Jay Breakstone

CEO & Founder

I hope you had a chance to read my previous post on refining sales strategies for taking a new product to market. To recap: management alignment on go-to-market strategy is worth the difficulty that can come with it, and there are big risks associated with making bets on large customers that can strain your startup’s resources while making it difficult to find the team bandwidth to take advantage of new opportunities.

Today I’ll discuss how we are seeking to balance our go-to-market, pursuing strategically focused opportunities that drive product awareness in key verticals while preparing for the inevitable strategic changes in sales priorities that come with growth.

Diversity in your customer base not only reduces risk but also provides more predictable, consistent cash flow; this is something your board and investors will appreciate immensely. I’ve seen too many situations where a company whose largest customer drives 80% of its revenue gets hit hard because that beachhead marquis customer decides to send its business elsewhere. In the meantime, it’s a Catch-22: because all of your attention had to be allocated to that critical customer engagement, you couldn’t address new opportunities to drive customer diversity that helps eliminate situations like the one I just illustrated.

Another point to consider is that both OEM and direct sales approaches are high-touch undertakings. The former requires a series of procedures taken by a small company to comply with the regulated practices of a large global corporation, demanding additional resources toward achieving alignment with that OEM's best practices. The problem is each OEM has its own set of requirements. See where I am going with this? My small, early stage company already has a limited amount of resources; the pressure on those resources becomes acutely intense, effectively constraining the organization from making forward progress.

A direct sales model, on the other hand, requires the ability to optimize solutions for smaller deployments in specific environments, often on a case-by-case basis. This means developing a salesforce and engineering team that can provide meaningful support for those diverse environments as needed. Similar outcome: limited resources, high strain.

The teams built for each model look significantly different. For an early-stage startup that recently raised its Series-A, a fully direct sales force with multiple vertical specializations is often not a viable option. This strategy is often reserved for after a growth capital round has closed.

The balancing act

Ultimately, we made the decision to embrace a blended model that is equipped to manage opportunistic OEM agreements while building a diverse customer base through a targeted, yet leveraged, channel strategy. This is achieved by determining specific market verticals ideally suited for our solution (composable infrastructure) and targeting these verticals through system integrator and value added reseller partners. This requires us to cultivate a dynamic and seasoned team (avoiding the often common, spray and pray tactics) by having a handful of internal direct sales professionals to pursue a modest number of larger, marquis deals that are fulfilled through the channel while also coaching our partners to help drive sales through their existing customer base.

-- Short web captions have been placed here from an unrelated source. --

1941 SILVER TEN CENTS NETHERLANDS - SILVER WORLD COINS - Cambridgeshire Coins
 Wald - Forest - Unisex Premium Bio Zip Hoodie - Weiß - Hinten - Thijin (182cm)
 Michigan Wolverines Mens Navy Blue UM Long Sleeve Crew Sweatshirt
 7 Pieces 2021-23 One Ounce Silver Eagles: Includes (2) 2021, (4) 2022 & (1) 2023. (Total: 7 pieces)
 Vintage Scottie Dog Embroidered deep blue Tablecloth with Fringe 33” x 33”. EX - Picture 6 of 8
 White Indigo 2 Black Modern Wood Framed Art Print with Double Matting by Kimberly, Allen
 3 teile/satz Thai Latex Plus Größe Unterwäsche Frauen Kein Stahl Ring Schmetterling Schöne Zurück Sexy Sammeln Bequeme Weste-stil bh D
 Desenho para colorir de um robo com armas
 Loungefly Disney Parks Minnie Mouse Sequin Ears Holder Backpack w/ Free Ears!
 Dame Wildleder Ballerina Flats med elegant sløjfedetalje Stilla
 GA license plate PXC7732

We’ve chosen to align resources to meet OEM qualifications and standards – and performance and reliability expectations – while implementing internal processes that mitigate the possibilities of consuming all of our resources.

Our small internal salesforce includes team members who have specific vertical expertise in enterprise, HPC, financial, government, and M&E and can fulfill orders through trusted channel providers. Customer confidence is paramount no matter the sales route, and the OEM/channel split allows for product development efforts that meet commonly shared requirements across a broad spectrum of verticals. The OEM and the channel providers, in turn, have their own agreements with their customers and can supplement Liqid sales support, training, and warranties.

Build for today, but understand tomorrow

It’s inevitable that our model will change as we grow. Its design ensures our present tactical needs are met while it lays the groundwork to meet future strategic goals. Balance will depend on market trends, which we constantly revisit to ensure we’re still executing for success.

A drive to continually improve while constantly evolving is, indeed, one of the most important things to build into any model for sales growth. Know your market, garner team alignment, execute, and succeed. Best of luck to anyone else who is faced with the ongoing challenge of building a go-to-market strategy for their early-stage tech company.